▶ **DIRECTIONS**:
From the records below, transcribe only the lines running from the one with "Видео: Внуково, взлет" through the one with "Hello Kitty Compact". Keep both of those end lines.

▶ **THE DATA**:
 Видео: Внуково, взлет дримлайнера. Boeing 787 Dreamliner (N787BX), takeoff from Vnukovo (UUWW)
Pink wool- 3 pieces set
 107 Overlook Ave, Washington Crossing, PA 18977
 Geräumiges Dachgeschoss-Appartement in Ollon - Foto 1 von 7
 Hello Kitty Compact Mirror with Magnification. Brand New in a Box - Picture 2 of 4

...

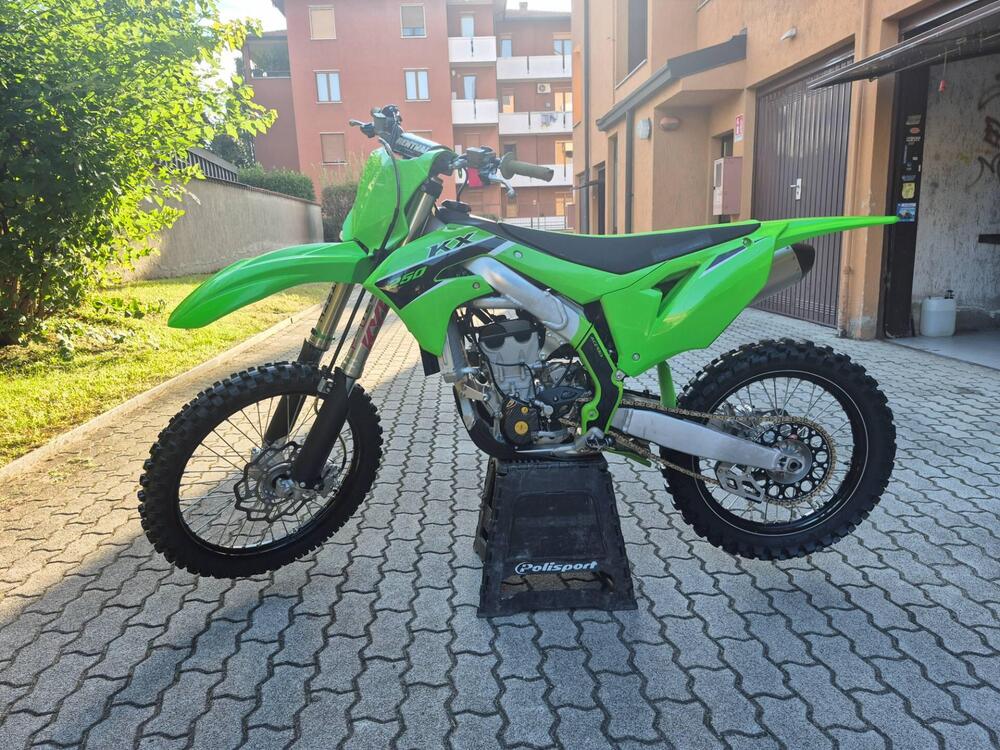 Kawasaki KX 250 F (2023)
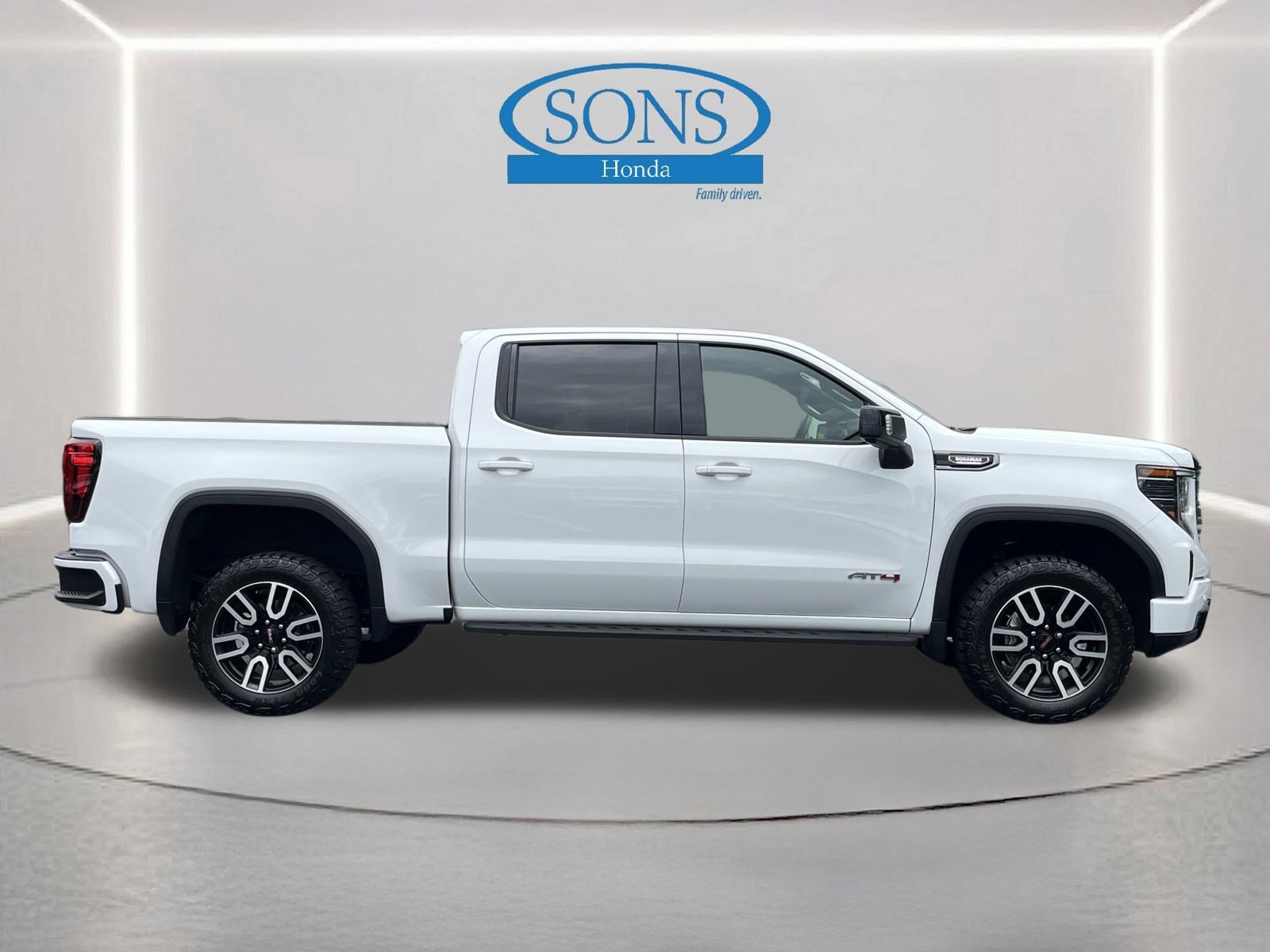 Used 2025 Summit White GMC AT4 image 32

* * *

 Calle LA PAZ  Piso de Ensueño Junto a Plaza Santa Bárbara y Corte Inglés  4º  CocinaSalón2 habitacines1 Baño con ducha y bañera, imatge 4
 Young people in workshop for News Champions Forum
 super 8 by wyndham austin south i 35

▶ **RESPONSE**:
 Видео: Внуково, взлет дримлайнера. Boeing 787 Dreamliner (N787BX), takeoff from Vnukovo (UUWW)
Pink wool- 3 pieces set
 107 Overlook Ave, Washington Crossing, PA 18977
 Geräumiges Dachgeschoss-Appartement in Ollon - Foto 1 von 7
 Hello Kitty Compact Mirror with Magnification. Brand New in a Box - Picture 2 of 4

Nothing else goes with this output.